[Items listed in a dataset]
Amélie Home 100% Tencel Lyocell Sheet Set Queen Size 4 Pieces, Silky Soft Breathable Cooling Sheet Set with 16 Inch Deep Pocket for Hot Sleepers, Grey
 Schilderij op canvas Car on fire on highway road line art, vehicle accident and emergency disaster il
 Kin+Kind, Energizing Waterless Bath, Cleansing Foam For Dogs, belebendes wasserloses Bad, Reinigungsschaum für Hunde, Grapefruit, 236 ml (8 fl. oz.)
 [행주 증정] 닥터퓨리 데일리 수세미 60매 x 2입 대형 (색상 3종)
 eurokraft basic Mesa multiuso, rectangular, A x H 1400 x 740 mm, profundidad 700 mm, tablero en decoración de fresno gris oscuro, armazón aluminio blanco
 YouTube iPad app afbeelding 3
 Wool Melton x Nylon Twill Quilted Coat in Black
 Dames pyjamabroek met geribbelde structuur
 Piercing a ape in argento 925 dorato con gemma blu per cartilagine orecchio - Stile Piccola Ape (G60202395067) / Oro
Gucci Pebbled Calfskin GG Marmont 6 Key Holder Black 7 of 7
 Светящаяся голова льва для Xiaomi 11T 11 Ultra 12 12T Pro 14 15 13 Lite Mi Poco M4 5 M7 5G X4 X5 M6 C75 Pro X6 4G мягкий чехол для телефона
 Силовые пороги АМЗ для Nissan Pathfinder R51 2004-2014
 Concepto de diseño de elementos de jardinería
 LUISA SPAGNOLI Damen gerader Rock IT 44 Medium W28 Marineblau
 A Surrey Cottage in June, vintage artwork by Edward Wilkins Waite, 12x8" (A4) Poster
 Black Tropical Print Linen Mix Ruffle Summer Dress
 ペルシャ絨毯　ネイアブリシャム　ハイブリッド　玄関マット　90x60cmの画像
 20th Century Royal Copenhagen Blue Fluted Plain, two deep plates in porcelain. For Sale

> _WHAT YOU NEED TO DO_: Give back, unchanged, every line from the one with "Силовые пороги АМЗ" to the end of the entries above.

> _RESPONSE BOX_:
 Силовые пороги АМЗ для Nissan Pathfinder R51 2004-2014
 Concepto de diseño de elementos de jardinería
 LUISA SPAGNOLI Damen gerader Rock IT 44 Medium W28 Marineblau
 A Surrey Cottage in June, vintage artwork by Edward Wilkins Waite, 12x8" (A4) Poster
 Black Tropical Print Linen Mix Ruffle Summer Dress
 ペルシャ絨毯　ネイアブリシャム　ハイブリッド　玄関マット　90x60cmの画像
 20th Century Royal Copenhagen Blue Fluted Plain, two deep plates in porcelain. For Sale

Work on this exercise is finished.